* **What the task asks**: All of the listing should be returned as written, apart from any picture in it.

** Data extract follows **

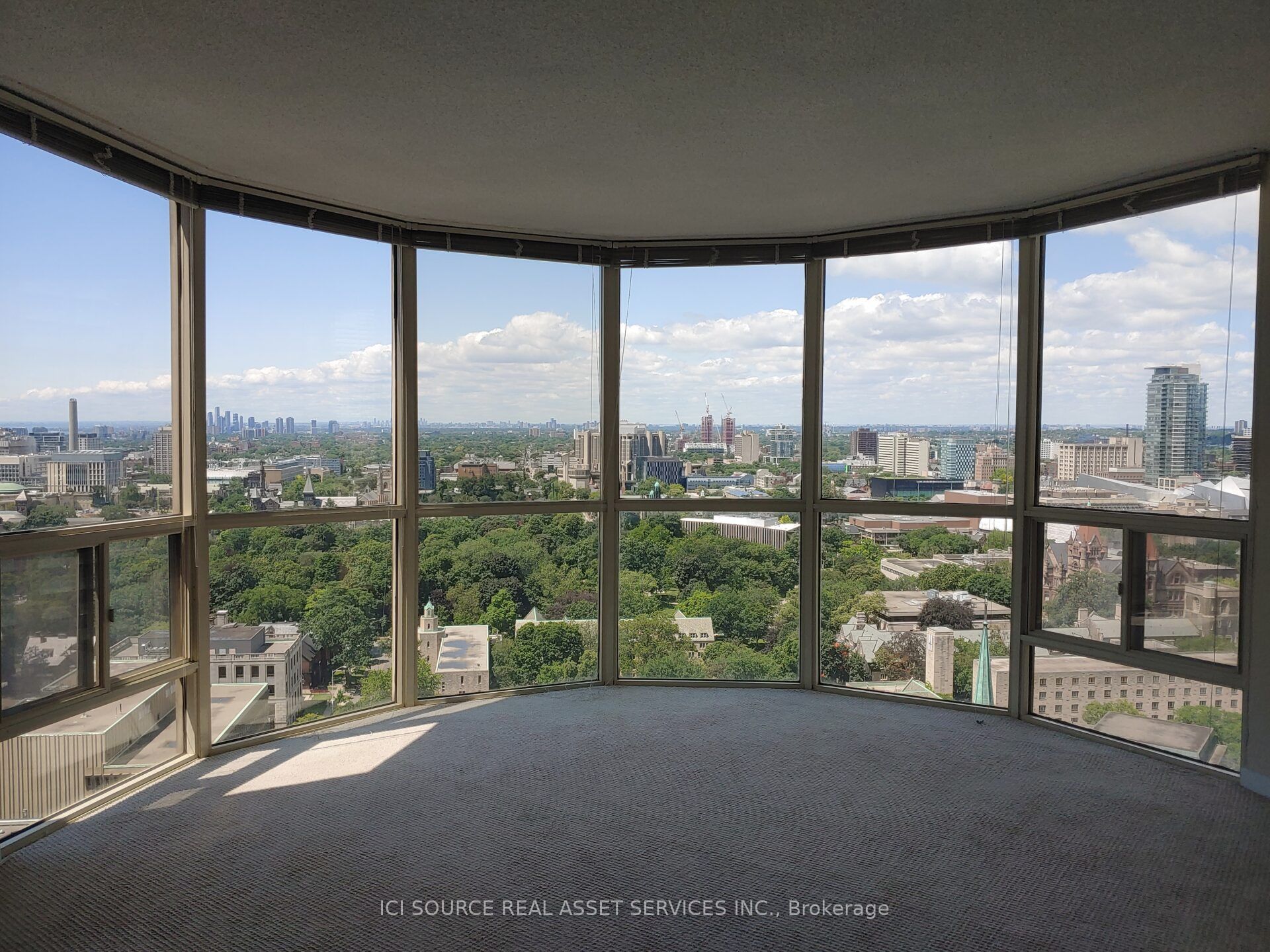 44 St Joseph Street 2514, Toronto, ON M4Y 2W4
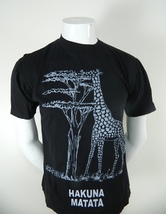 Unisex Youth Master Knit Hakuna Matata Giraffe Graphic Black Cotton T Shirt L - £10.20 GBP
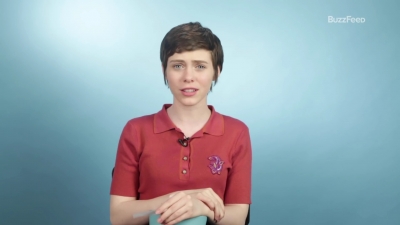 2019-03-26_-_Buzzfeed_-_Sophia_Lillis_First_Talks_About_Her_First_Times_mp40832.jpg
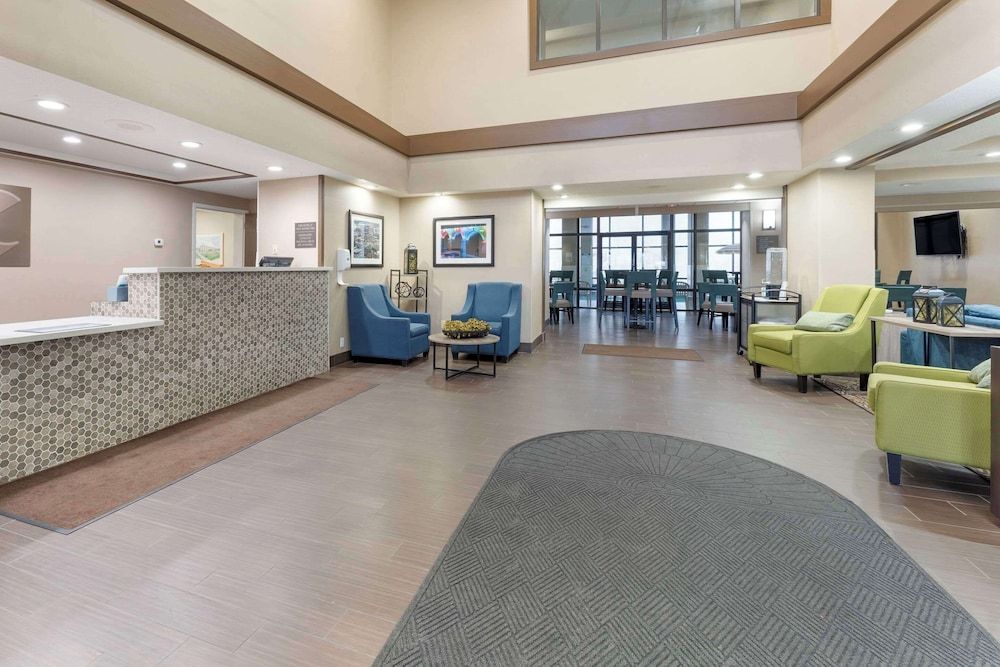Comfort Inn & Suites Johnstown - Richland Town Center 2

** End of Data extract **

* **Worked solution**:
 44 St Joseph Street 2514, Toronto, ON M4Y 2W4
 Unisex Youth Master Knit Hakuna Matata Giraffe Graphic Black Cotton T Shirt L - £10.20 GBP
 2019-03-26_-_Buzzfeed_-_Sophia_Lillis_First_Talks_About_Her_First_Times_mp40832.jpg
Comfort Inn & Suites Johnstown - Richland Town Center 2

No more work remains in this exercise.